Records drawn from a dataset:
◇ ◇ ◇ ◇ ◇ ◇ ◇

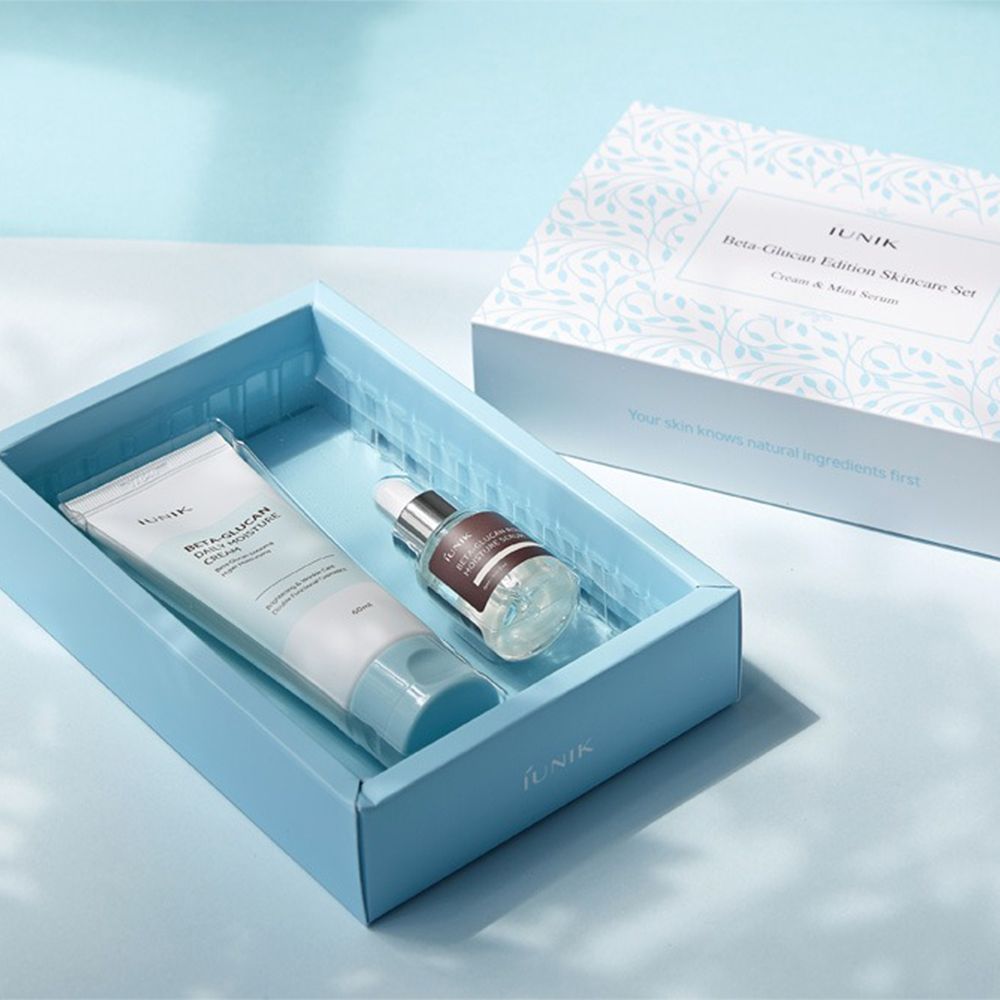 Set skincare iUNIK Beta-Glucan: Crema e siero in una scatola blu, accanto alla confezione del prodotto.
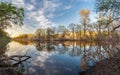 Beautiful sunset on the river in forest with sky reflection Royalty Free Stock Photo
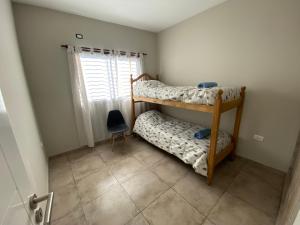 a bedroom with two bunk beds and a window at Mendoza Deptos apart in Guaymallen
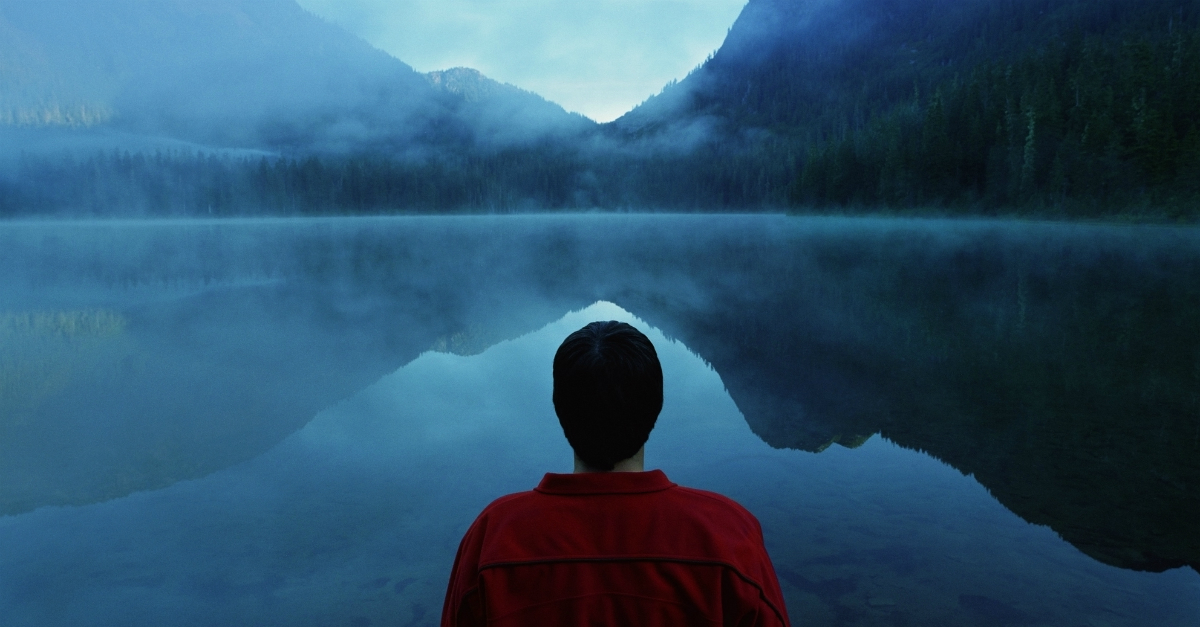 man looking at blue lake, pray without ceasing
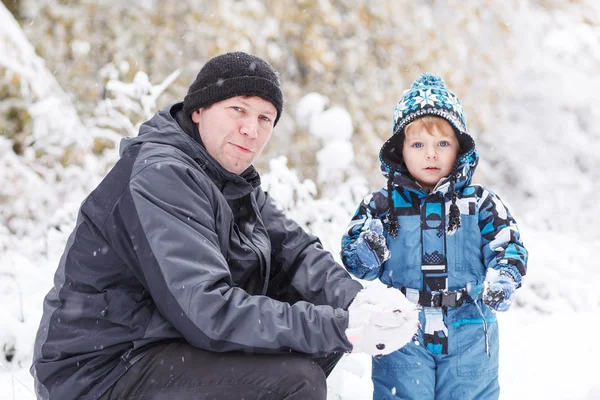 Vater und Kleinkind amüsieren sich am Wintertag mit Schnee — Stockfoto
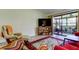 Relaxing living room with a large TV and access to the outdoor patio at 9769 86Th Ave # 9769, Seminole, FL 33777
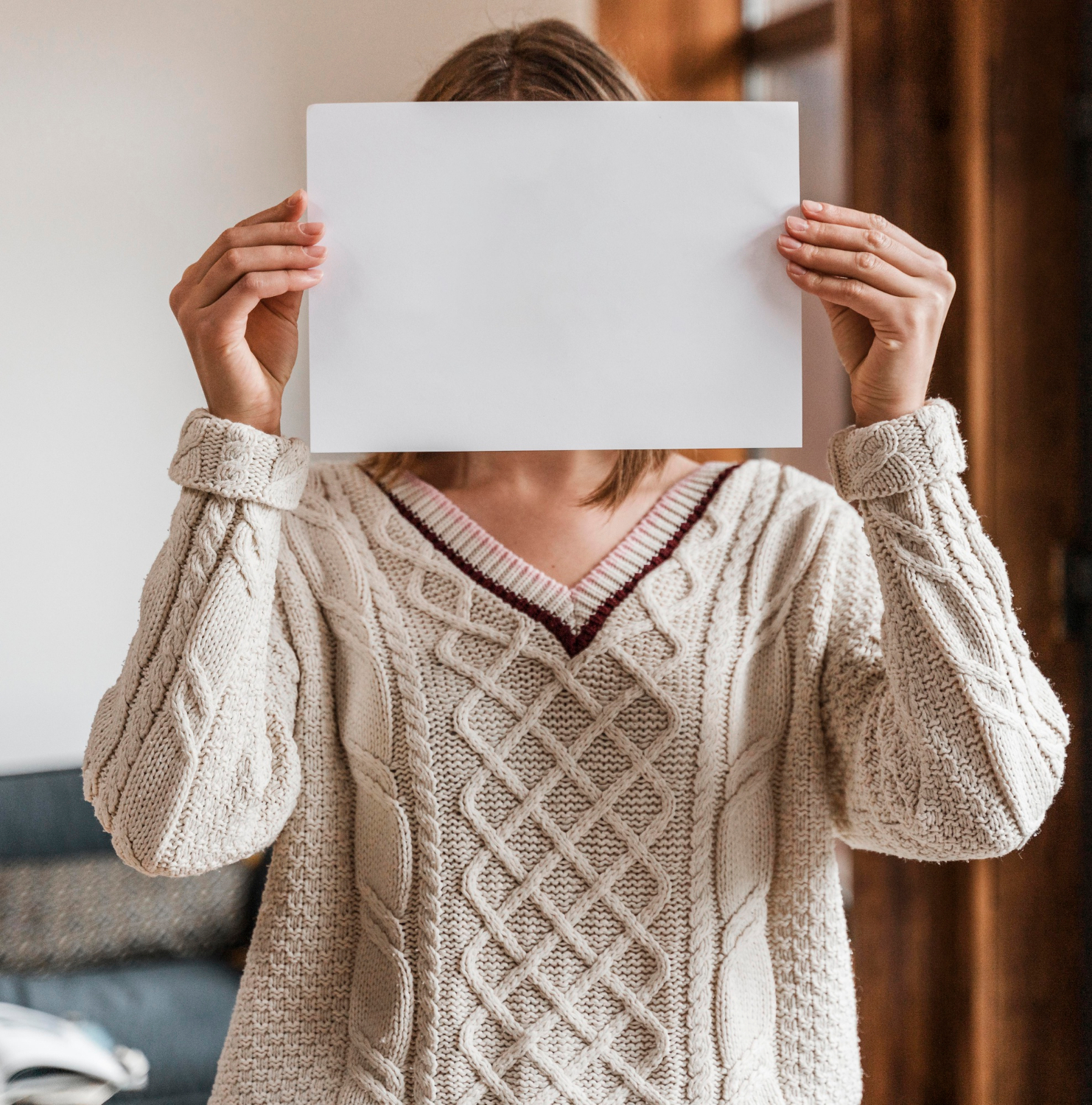 A woman holding a sheet of paper | Source: Freepik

◇ ◇ ◇ ◇ ◇ ◇ ◇

What you have to do: Reproduce exactly the lines of the entries above from the first through the line with "Vater und Kleinkind", both included; pictures should not be reproduced.

Exercise output:
 Set skincare iUNIK Beta-Glucan: Crema e siero in una scatola blu, accanto alla confezione del prodotto.
 Beautiful sunset on the river in forest with sky reflection Royalty Free Stock Photo
 a bedroom with two bunk beds and a window at Mendoza Deptos apart in Guaymallen
 man looking at blue lake, pray without ceasing
 Vater und Kleinkind amüsieren sich am Wintertag mit Schnee — Stockfoto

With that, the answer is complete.